Ok, that is one hypothesis that we can talk about. I won't try to pin a name on what type of pull this would be - but let's say you have created a pull that is statically neutral (full cock) and stays that way during the entire pull. You won't have to deal with the mechanics of inclined planes because there will never be any lateral components working on the sear. Technically, your sear face would then have to be an arc relative to the sear's center. Assume the hammer load on the sear to be a point load for the moment. The only thing you have to consider is friction.

Friction is kind of tricky. There is static friction (sometimes called stiction), and dynamic friction. Things that are statically engaged tend to stay that way because the force required to start things moving is always higher than the force required to keep them moving. In terms of the "feel", a trigger will always require more force (however small) to start the sear movement than it requires to finish the trigger pull. So, there will be an energy bump at the beginning of the pull. A positive trigger will also have an energy bump at the beginning, since you are adding hammer lifting (work) to the job of overcoming static friction. Both the neutral and the positive trigger, then will start the pull in a similar way.
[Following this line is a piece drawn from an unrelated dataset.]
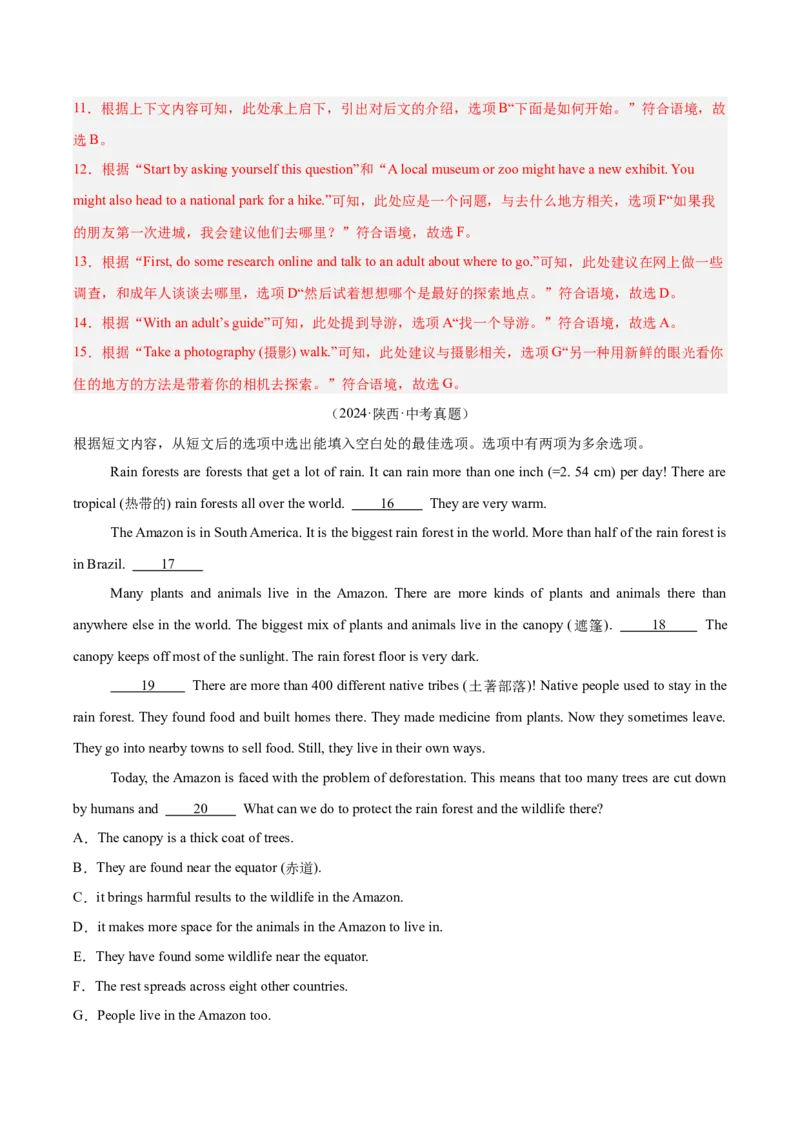 专题22阅读理解考点5阅读还原（全国通用）（解析版）_中考复习资料_语数英物化_3英语中考复习_2026年中考复习（更新中）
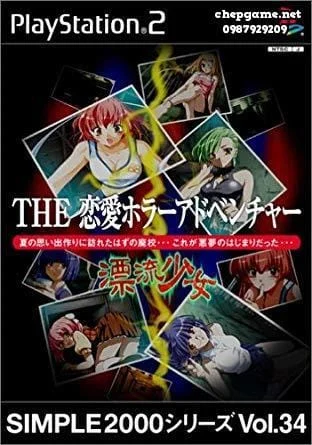Simple 2000 Series Vol 34 The Renai Horror Adventure Hyouryuu Shoujo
OK, so far?

I've been interested in the whole thread, in an ethereal sort of way. Niemis' drawings and calculations are, as always, facinating. I wish we could prevail on him to combine and publish them.

I don't mind a bit of 'creep', if it's smooth and consistent, and results in a positive engagement, however slight. Maybe that is a roll trigger? I sure don't know.

I'm thinking that no trigger setup worth having will re-set itself if pressure is removed - the famous 'click test' for a safety fit would never reveal a mis-fitted safety if re-set occurred.

I can't hear-- the result of a mis-spent youth. So the click test is a theory to me.

I have to use that round gauge dingus that I have on the table saw, and clamp the weapon to the saw, pull the trigger, and see if the hammer moves.

This would be a lot clearer if I knew what that thing is called...

The bottom line is my checks have to be visual, accoustic stuff just doesn't work. I'll never be able to work as a sonar operator.

I have to use that round gauge dingus that I have on the table saw ... This would be a lot clearer if I knew what that thing is called...

Do you mean a protractor? A usually semi-circular plastic 'ruler' laid out in degrees around its perimeter.
/Bryan

Jammer means a dial indicator. Or if he has the updated version it could be a digitial readout indicator.. Anyway, this is an acceptable way to judge the condition of your engagement. I haven't gone as far as Jammer with the dial indicator because I get enough information from the operation of the parts on a pin jig. I go for feel, but only after I determine that the engagement is not negative.

Gbw, I usually reserve the word creep to mean rough and unpredictable jerking motion during the trigger pull. If the felt movement is smooth, it is not a problem for the average shooter. In fact, many bullseye shooters prefer a trigger with creep as long as it is smooth and predictable. So there. One part of the definition of a roll trigger is a trigger with smooth and predictable creep.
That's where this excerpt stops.